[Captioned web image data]
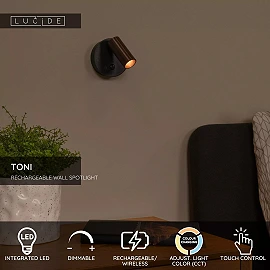 TONI rechargeable wall spotlight LED 2W CCT with sensor Grey iron (Lucide)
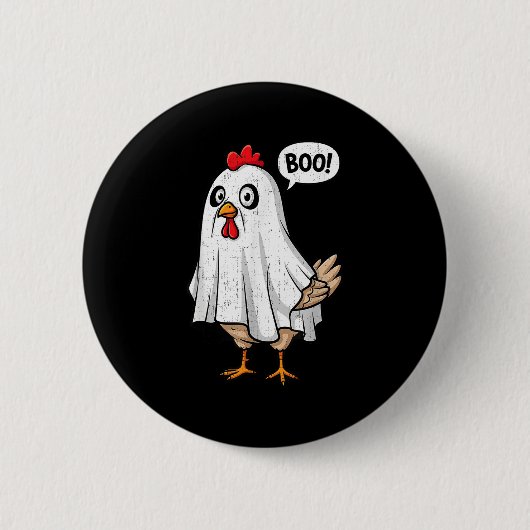 Schattigee Chicken Boo Funny Halloween Kostuum Man Ronde Button 5,7 Cm (Voorkant)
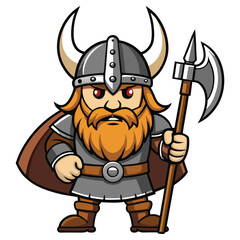 Viking warrior cartoon illustration with axe and sword character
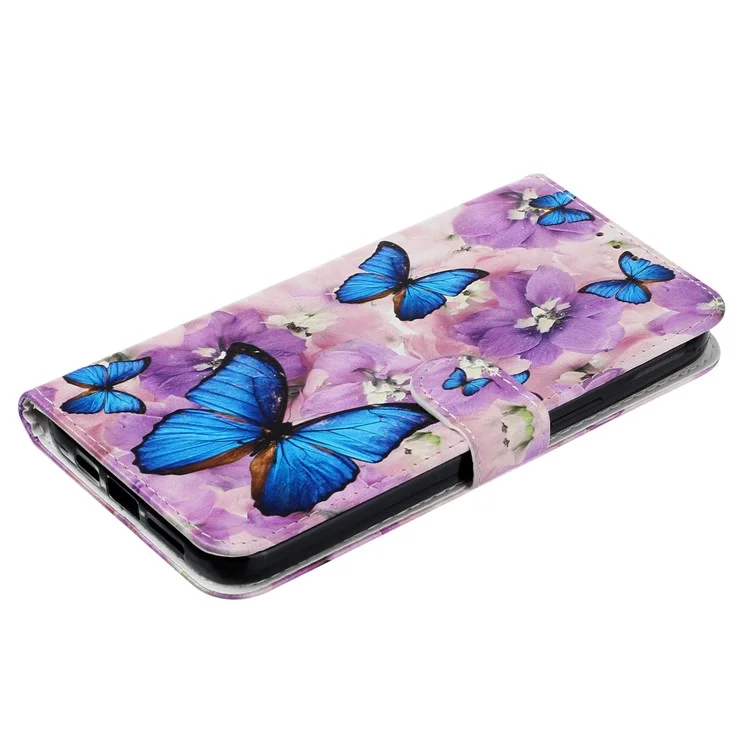 Étui portefeuille en cuir avec motif fleur violette et papillon pour téléphone intelligent 4G/5G For Honor X7c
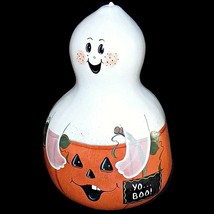 Halloween Ghost and Jack O Lantern Pumpkin Gourd Hand Painted Artist Signed 13in - £55.94 GBP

### [AIM OF THE TASK]
Going from the line holding "Schattigee Chicken Boo" to the last line of the data above, reproduce every line exactly, both included, with the pictures omitted.

### [WRITTEN ANSWER]
 Schattigee Chicken Boo Funny Halloween Kostuum Man Ronde Button 5,7 Cm (Voorkant)
 Viking warrior cartoon illustration with axe and sword character
 Étui portefeuille en cuir avec motif fleur violette et papillon pour téléphone intelligent 4G/5G For Honor X7c
 Halloween Ghost and Jack O Lantern Pumpkin Gourd Hand Painted Artist Signed 13in - £55.94 GBP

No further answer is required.